** Opening Data records block **

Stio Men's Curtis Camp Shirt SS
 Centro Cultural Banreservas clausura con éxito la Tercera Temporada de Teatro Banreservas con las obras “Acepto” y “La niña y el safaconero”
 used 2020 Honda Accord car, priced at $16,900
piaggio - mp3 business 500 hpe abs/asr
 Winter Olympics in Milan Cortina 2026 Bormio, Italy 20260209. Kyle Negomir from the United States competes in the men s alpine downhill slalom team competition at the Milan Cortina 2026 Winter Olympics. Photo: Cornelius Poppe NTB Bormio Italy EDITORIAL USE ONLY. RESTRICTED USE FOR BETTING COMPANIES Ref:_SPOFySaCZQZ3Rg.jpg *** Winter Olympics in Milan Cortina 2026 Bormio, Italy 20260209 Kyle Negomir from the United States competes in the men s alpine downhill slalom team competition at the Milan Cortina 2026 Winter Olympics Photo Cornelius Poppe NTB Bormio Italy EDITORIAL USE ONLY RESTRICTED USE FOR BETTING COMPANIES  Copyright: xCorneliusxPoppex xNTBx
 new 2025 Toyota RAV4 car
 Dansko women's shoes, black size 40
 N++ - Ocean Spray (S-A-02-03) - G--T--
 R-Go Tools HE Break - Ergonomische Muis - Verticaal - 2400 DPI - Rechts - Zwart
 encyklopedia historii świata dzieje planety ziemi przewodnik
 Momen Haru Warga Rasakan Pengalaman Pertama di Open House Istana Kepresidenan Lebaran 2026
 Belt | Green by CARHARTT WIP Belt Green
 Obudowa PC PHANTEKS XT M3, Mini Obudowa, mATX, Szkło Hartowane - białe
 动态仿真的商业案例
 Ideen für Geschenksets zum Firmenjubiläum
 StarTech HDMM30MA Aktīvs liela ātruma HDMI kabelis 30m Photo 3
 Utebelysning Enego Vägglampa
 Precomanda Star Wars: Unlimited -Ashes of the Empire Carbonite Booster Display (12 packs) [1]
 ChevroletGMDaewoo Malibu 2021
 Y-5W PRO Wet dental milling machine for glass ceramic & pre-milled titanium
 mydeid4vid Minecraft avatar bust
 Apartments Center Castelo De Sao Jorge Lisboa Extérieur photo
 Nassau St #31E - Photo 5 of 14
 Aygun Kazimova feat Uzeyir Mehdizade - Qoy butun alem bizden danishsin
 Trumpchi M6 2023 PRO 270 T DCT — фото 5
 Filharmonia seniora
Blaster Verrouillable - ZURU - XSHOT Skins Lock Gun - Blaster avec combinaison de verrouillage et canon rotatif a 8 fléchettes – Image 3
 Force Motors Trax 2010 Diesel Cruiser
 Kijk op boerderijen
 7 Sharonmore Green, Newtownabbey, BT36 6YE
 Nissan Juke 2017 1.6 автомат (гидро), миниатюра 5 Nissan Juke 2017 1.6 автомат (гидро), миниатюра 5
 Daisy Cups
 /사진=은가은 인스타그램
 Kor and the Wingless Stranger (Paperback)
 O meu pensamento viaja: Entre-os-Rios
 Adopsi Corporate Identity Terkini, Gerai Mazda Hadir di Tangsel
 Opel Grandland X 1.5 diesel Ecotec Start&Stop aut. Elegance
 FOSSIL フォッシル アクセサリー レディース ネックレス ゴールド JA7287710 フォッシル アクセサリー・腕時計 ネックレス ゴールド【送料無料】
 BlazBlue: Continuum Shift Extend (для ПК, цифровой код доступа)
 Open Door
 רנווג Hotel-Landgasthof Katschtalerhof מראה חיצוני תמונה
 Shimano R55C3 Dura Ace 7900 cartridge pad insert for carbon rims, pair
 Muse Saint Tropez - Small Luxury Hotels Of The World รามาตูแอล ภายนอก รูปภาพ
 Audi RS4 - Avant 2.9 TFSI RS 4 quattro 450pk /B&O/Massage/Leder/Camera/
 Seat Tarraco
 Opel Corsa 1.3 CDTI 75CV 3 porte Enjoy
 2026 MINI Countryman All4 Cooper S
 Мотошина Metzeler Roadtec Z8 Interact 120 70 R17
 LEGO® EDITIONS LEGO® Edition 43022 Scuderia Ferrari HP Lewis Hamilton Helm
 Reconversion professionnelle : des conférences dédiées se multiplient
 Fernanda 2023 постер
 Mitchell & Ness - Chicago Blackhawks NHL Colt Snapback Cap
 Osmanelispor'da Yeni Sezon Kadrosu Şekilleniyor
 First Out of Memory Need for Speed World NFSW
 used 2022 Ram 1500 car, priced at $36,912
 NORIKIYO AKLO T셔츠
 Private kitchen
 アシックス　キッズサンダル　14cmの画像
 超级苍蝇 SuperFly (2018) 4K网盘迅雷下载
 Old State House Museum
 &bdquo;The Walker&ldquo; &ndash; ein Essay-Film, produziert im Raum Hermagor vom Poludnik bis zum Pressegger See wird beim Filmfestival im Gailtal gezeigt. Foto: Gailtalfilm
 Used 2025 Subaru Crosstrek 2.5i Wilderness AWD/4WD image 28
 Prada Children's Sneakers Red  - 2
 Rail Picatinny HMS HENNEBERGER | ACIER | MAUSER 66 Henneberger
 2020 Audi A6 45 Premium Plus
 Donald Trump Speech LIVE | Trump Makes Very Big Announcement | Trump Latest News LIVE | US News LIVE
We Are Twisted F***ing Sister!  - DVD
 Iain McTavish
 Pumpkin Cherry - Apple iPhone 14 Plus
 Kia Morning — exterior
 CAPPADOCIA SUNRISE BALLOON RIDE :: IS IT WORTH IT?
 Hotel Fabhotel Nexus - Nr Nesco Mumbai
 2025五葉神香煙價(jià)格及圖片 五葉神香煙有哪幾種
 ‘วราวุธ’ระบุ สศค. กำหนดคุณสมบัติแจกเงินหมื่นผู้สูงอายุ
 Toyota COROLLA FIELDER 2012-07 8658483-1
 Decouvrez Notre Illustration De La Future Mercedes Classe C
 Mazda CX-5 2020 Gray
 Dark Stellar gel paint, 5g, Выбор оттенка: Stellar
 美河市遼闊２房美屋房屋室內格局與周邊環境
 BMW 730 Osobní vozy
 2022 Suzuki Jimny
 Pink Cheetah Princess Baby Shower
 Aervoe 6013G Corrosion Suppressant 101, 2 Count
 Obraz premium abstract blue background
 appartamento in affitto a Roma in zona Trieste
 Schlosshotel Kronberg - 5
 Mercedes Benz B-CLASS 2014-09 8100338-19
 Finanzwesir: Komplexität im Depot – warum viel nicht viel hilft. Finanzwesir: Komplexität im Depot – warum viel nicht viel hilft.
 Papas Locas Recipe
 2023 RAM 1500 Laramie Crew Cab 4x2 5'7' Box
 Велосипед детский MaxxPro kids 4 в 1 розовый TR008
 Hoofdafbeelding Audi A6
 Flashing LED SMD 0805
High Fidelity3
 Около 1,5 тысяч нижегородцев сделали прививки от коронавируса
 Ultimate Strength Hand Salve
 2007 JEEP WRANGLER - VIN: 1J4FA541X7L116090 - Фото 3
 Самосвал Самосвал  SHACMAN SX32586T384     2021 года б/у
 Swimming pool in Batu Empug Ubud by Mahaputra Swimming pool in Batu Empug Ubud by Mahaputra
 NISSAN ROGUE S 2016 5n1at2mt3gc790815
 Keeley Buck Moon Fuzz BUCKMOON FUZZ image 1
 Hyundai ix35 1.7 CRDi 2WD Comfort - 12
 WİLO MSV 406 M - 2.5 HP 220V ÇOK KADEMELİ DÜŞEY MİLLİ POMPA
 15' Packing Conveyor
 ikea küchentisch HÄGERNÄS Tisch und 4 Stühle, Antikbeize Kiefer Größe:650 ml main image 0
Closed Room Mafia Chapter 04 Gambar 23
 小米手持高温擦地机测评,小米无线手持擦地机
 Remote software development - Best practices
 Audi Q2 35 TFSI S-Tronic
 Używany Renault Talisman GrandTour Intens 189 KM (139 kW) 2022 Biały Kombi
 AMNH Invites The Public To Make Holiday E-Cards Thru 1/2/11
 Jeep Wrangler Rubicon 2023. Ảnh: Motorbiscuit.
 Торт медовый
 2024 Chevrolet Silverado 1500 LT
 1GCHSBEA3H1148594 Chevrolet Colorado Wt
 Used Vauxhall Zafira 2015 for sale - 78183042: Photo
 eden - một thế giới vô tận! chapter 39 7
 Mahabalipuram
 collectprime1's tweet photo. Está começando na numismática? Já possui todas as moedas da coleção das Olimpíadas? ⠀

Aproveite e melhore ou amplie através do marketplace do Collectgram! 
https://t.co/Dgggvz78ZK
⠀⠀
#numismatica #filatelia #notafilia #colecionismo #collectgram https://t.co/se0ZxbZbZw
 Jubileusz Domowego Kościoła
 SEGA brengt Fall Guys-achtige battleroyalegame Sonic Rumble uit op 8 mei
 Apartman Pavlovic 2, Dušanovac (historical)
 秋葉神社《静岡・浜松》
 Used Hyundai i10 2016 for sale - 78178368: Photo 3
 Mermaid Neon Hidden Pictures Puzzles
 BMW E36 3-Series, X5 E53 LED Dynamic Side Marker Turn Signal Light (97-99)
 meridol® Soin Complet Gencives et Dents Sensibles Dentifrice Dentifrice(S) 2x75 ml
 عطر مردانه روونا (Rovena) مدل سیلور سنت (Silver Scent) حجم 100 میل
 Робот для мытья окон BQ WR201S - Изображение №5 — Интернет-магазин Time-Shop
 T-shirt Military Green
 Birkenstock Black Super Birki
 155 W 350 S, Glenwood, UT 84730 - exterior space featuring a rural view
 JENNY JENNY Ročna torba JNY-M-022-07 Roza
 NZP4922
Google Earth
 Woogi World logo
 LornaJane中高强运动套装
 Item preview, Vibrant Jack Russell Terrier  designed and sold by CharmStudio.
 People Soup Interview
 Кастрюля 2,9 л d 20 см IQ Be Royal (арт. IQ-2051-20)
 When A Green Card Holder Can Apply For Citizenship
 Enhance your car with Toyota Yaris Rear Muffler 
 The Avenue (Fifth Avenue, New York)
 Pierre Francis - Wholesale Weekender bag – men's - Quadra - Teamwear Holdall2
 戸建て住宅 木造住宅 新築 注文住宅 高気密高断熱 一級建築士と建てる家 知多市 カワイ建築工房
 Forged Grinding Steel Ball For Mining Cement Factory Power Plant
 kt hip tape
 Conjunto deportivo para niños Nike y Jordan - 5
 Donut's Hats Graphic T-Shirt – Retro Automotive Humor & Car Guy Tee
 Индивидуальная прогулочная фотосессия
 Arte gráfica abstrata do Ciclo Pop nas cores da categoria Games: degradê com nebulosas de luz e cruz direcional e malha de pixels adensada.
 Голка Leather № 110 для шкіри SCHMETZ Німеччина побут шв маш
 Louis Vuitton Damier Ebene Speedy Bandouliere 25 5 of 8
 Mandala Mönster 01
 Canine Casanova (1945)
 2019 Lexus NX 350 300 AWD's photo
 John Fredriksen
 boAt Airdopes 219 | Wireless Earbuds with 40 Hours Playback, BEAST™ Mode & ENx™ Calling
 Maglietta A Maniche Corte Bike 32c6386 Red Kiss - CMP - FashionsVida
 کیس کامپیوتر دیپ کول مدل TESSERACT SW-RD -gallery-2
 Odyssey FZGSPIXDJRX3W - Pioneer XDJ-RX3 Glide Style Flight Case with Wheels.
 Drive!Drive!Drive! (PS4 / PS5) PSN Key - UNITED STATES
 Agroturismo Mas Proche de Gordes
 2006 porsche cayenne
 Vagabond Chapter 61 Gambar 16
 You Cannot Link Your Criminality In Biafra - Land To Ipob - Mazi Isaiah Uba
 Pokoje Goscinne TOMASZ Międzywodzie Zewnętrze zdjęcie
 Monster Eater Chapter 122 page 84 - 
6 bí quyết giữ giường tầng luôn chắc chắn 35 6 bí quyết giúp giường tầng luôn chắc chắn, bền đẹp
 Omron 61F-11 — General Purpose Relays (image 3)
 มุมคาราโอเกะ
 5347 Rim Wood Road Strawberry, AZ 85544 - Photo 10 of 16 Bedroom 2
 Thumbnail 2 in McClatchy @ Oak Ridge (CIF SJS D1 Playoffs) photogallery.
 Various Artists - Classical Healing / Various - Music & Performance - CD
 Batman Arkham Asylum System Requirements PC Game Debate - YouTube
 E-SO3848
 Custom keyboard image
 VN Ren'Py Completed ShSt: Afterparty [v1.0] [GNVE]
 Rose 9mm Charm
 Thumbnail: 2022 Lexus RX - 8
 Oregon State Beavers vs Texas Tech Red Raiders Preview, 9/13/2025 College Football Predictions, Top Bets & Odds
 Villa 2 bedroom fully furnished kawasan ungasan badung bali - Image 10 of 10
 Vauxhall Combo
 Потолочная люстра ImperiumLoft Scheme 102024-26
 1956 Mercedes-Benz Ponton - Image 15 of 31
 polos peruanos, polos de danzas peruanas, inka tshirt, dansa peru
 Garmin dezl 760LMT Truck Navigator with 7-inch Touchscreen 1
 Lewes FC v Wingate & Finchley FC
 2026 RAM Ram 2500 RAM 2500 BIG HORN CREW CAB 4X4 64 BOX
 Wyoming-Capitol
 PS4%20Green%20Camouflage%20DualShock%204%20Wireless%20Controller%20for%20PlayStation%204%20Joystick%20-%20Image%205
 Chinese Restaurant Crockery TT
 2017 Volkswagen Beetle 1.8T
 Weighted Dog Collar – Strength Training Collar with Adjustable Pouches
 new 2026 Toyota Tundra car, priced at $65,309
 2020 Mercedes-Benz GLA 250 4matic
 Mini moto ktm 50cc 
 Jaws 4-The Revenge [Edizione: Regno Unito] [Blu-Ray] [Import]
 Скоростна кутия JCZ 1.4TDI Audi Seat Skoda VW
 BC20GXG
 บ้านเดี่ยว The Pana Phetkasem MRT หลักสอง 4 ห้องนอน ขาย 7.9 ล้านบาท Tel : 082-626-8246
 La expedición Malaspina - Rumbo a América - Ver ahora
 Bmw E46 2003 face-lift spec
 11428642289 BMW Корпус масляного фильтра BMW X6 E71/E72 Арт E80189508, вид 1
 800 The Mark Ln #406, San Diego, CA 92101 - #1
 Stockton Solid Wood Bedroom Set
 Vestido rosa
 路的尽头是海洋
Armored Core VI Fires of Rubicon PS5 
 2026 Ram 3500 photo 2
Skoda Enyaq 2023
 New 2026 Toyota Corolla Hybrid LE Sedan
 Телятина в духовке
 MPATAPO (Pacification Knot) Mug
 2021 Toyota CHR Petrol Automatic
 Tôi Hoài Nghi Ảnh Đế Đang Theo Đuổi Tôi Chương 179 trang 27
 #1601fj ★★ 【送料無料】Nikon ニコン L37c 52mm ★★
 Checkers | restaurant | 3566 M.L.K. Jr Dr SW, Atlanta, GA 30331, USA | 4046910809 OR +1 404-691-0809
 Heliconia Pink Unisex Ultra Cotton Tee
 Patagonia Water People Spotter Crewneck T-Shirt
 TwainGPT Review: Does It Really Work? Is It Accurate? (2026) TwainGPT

** Closing Data records block **

Instructions for the task> Word for word, restate the lines of the data above that fall between the line holding "Opel Corsa 1.3 CDTI 75CV 3 porte Enjoy" and the line holding "Reconversion professionnelle : des", inclusive, and no other lines.

Your response>
 Opel Corsa 1.3 CDTI 75CV 3 porte Enjoy
 2026 MINI Countryman All4 Cooper S
 Мотошина Metzeler Roadtec Z8 Interact 120 70 R17
 LEGO® EDITIONS LEGO® Edition 43022 Scuderia Ferrari HP Lewis Hamilton Helm
 Reconversion professionnelle : des conférences dédiées se multiplient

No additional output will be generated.